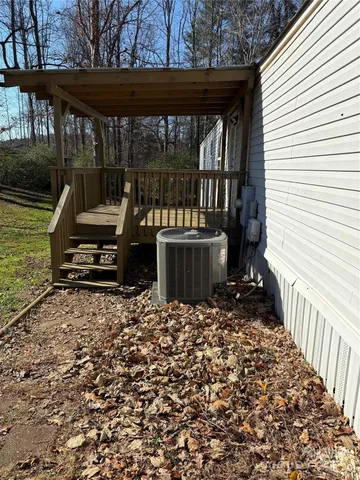 a close view of sink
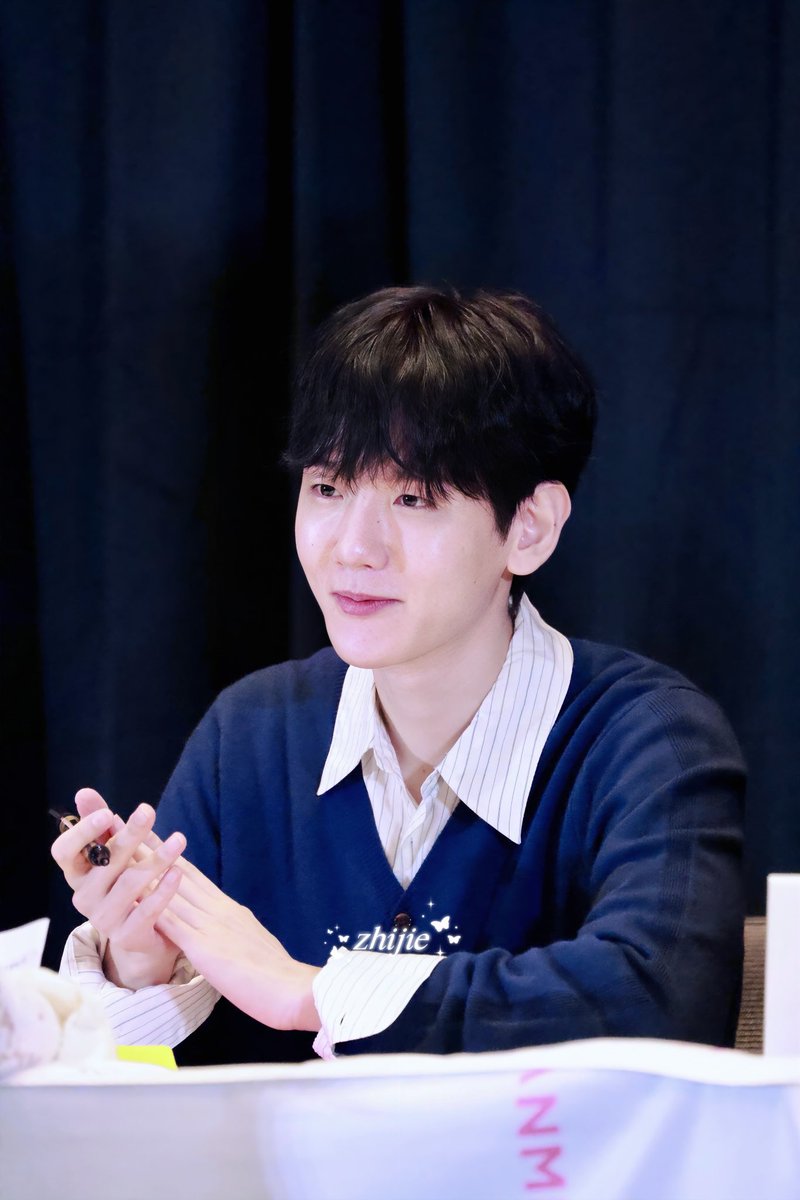 260131 대만 팬싸

인정👍🏻

#BAEKHYUN #백현 #변백현 #ベッキョン
<a href="/B_hundred_Hyun/">Baekhyun_EXO</a>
* * * * * * *
ACTION ITEM:
The answer must be the listing above, restated word for word, with no images in it.

COMPLETED TASK:
 a close view of sink
 260131 대만 팬싸

인정👍🏻

#BAEKHYUN #백현 #변백현 #ベッキョン
<a href="/B_hundred_Hyun/">Baekhyun_EXO</a>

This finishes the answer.